Task goal. Reproduce without any pictures the lines from the one that contains "03 | Prodej - dům/vila, 92 m²" through the end of the records, exactly as written.

Study material.
Segment Open
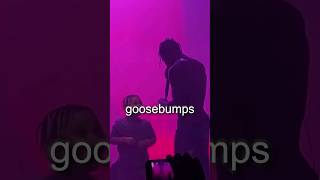 Travis Scott PERFORMS with a 9 YEAR OLD Fan🥹🔥 [upl. by Laszlo740]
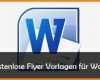 Flyer Bewerbung Vorlage Word Hübsch 8 Flyer Vorlage Word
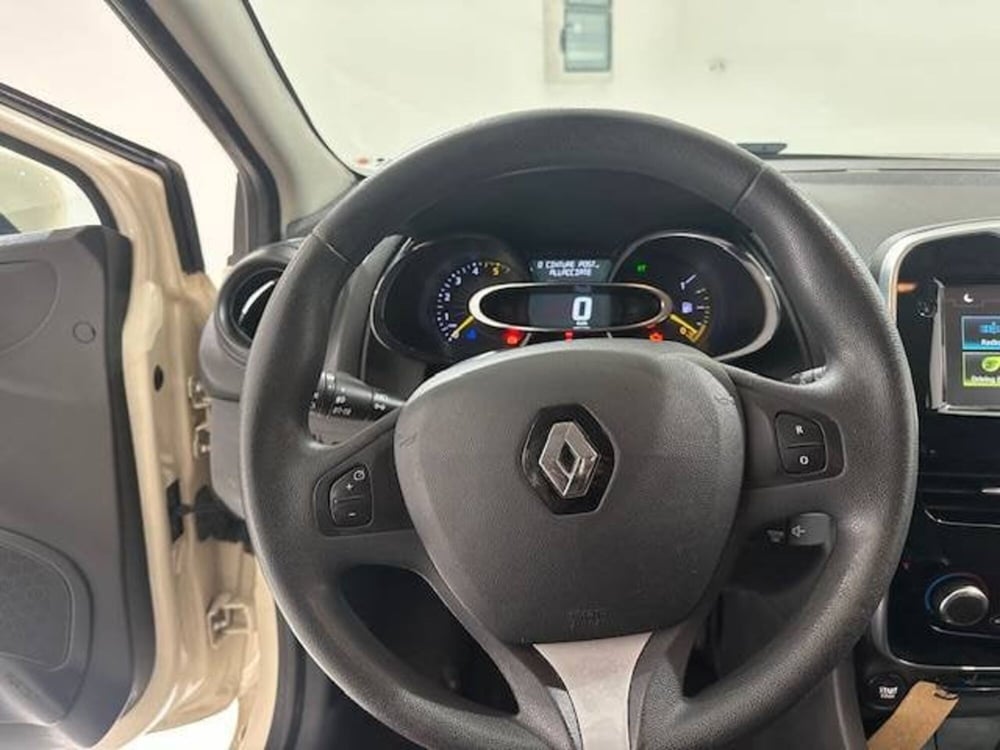 Renault Clio Sporter usata a Treviso (13)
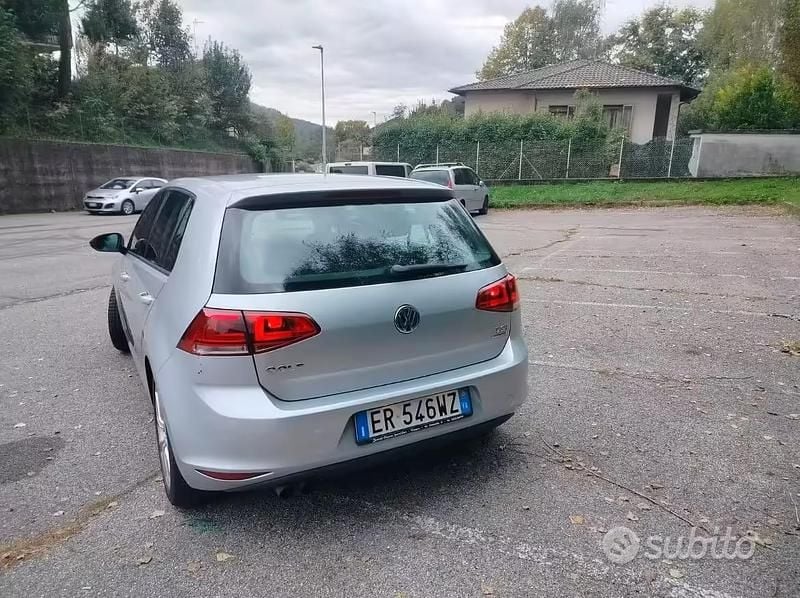 Usata VW Golf VII 2013 Berlina
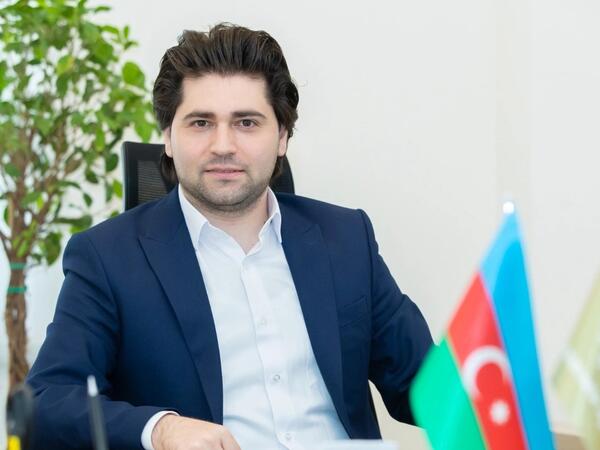 Murad Həşimova yeni vəzifə verildi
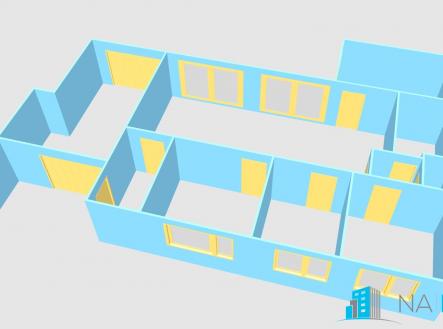 03 | Prodej - dům/vila, 92 m²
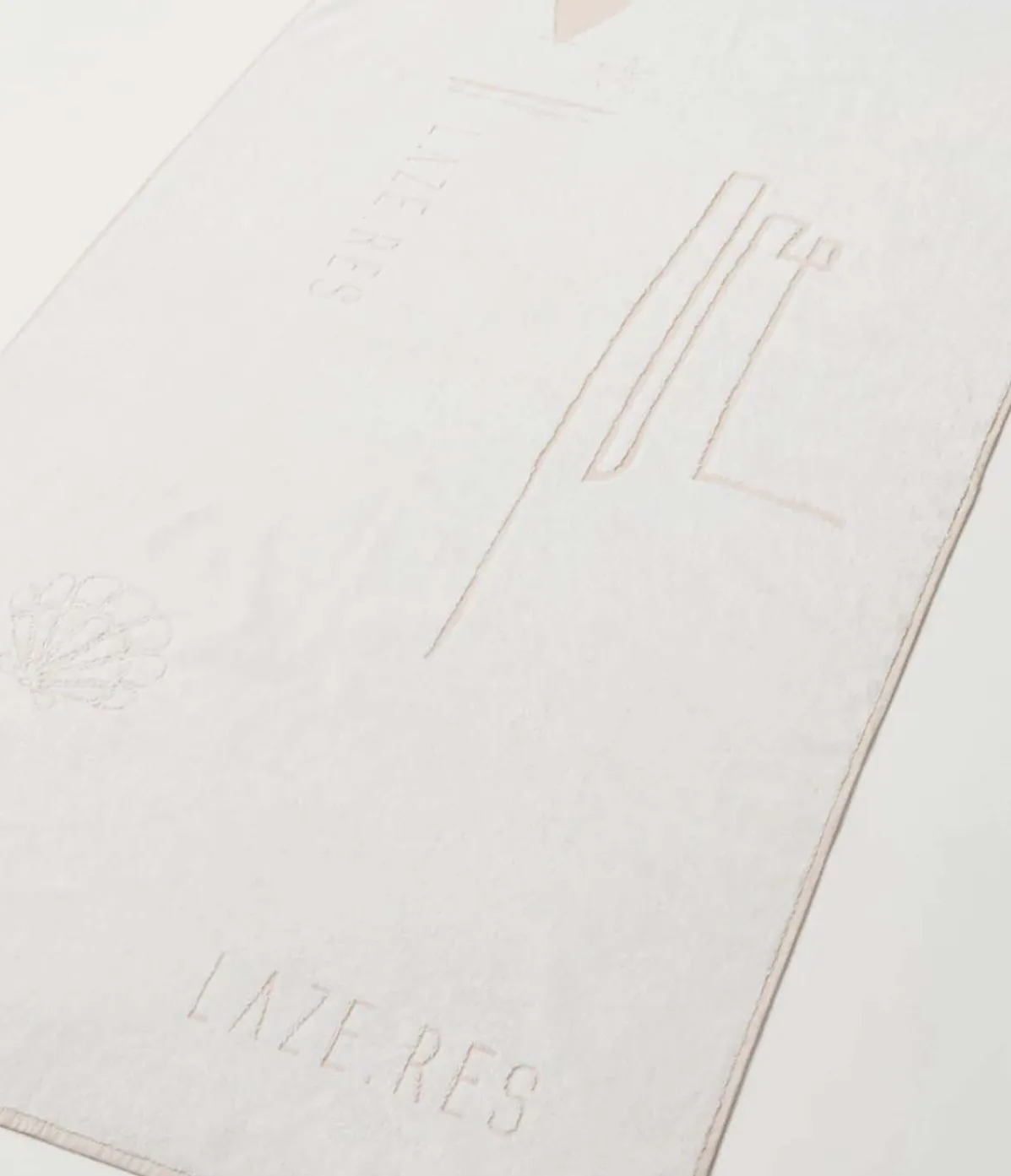 No. 1 Coastal Calm Turkish Cotton Towel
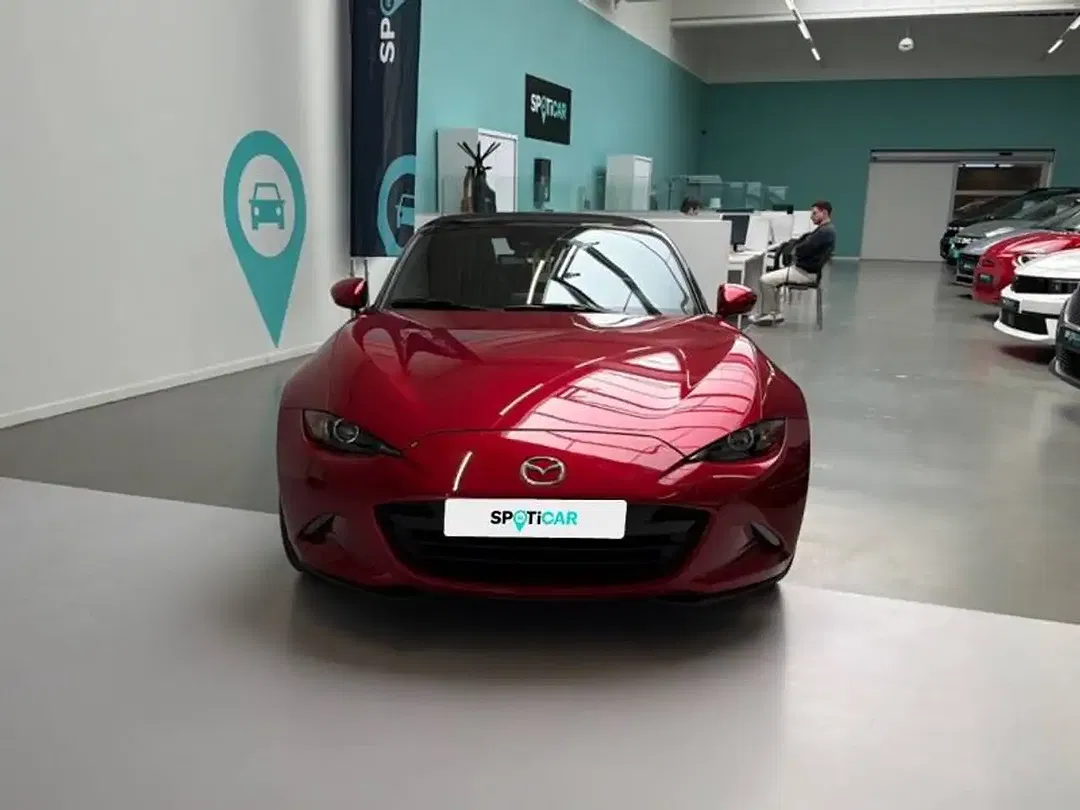 Mazda MX-5 - Thumbnail 2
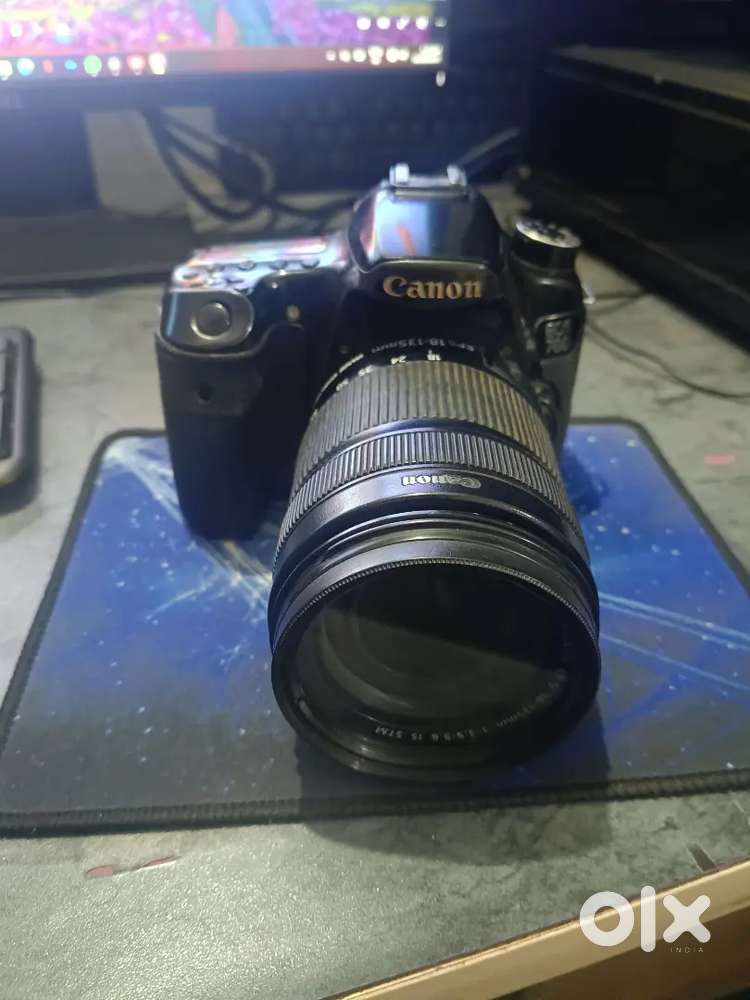 Canon camera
Segment Closed
Written answer.
 03 | Prodej - dům/vila, 92 m²
 No. 1 Coastal Calm Turkish Cotton Towel
 Mazda MX-5 - Thumbnail 2
 Canon camera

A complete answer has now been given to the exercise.